Es gibt
Fragen, die kann man beiseite schieben, sie überdecken, verdrängen. Dann
kommen sie mit neuer Wucht und Dringlichkeit hervor.
Zum
Beispiel: Worauf kommt es an? Was zählt wirklich? Wofür lohnt es sich zu
leben und am Ende gar zu sterben?
Oder:
Wofür mühe ich mich ab? Wozu der ganze Ärger, Stress? Wozu der Frust und
die Sorgen?
Oder: Was
habe ich von dem, was ich sammle, horte, besitze? Was von all dem hat
Bestand? Was im Leben hat wirklich Wert?
„Windhauch“
urteilt Kohelet. „Alles ist Windhauch.“
„Ach wie flüchtig, ach wie nichtig“
heißt es in einem Kirchenlied.
Kohelet
hat eine sehr aktuelle Botschaft gerade für uns heute:
Nehmt
eure Arbeit, euren Besitz, eure Karriere, nehmt Erfolg, Ruhm und Ansehen
nicht zu wichtig! Schönheit schwindet, Jugend vergeht, Ruhm ist
vergänglich, Reichtum zerfällt.
Kohelet
relativiert, was vielen von uns heute so bedeutsam ist:
die
eigenen Aktivitäten, die Leistung, die Effizienz, unser Schaffen und
Machen, unser Hasten und Rennen, das Besitzdenken und Gewinnstreben.

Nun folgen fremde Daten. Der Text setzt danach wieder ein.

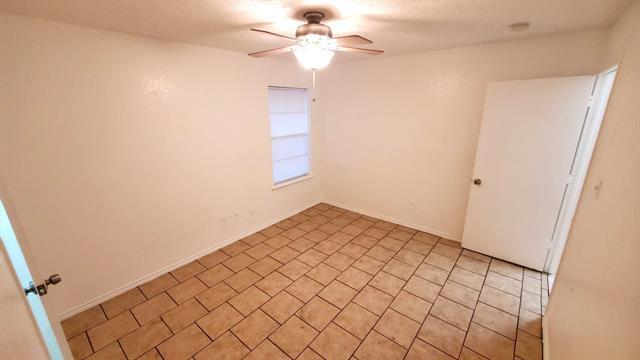 Building Photo - 3427 Republic Dr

Habgier, Neid, übertriebenen Ehrgeiz.
„Windhauch, alles nur Windhauch!“
Kohelet
beschwört geradezu die Nichtigkeit der Welt.
Er
entlarvt als vergänglich, was sich so wichtig gebärdet und uns oft
dermaßen fesselt und in Beschlag nimmt, dass es uns über den Kopf
wächst, uns die Luft nimmt oder den Schlaf raubt.
Mag sein,
dass der Prediger Kohelet eine pessimistische Sicht von der Welt und vom
Leben hat. Mag sein, dass er vereinseitigt und zuspitzt. Und doch ist es
gut, uns seine Sicht – wenigstens von Zeit zu Zeit – in Erinnerung zu
rufen.
Denn der
Alltag drängt uns immer wieder in die andere Richtung.
Da
stecken wir in die Tretmühle der täglichen Aufgaben, Pflichten und
Sorgen. Da stöhnen wir im Hamsterrad über den Druck des dauernden
Sollens und Müssens. Da gehen wir auf in dem, was zu tun, zu machen, zu
schaffen, zu leisten, zu gewinnen und zu verdienen ist und am Ende gehen
wir darin unter.
Natürlich
gibt uns die Arbeit, die Leistung, der Verdienst usw. auch ein Gefühl
von Selbstwert. Keine Frage!
Doch
hängen Menschen nicht oft – wie mit unsichtbaren Saugnäpfen – am Erfolg,
am Geld, am Besitz?
Allerdings wer beherrscht und besitzt wen? Der Mensch die Güter? Oder
umgekehrt: Besitzen und beherrschen die Güter den Menschen? Wie leicht
wird aus einem Besitzenden ein Besessener!
Auf das,
was Kohelet als „Windhauch“ bezeichnet, Windhauch in all seinen
vielen Variationen, sind unsere Sinne und ist unsere Aufmerksamkeit oft
allzu sehr ausgerichtet. Und das erweist sich als fatal für unser Leben,
besonders wenn wir es bewusst vor Gott und mit Gott leben wollen.
Wer seine
Aufmerksamkeit ganz den Dingen und Ereignissen um sich herum und ihrer
Bedeutung für sich selbst widmet, der lebt sehr schnell außengesteuert.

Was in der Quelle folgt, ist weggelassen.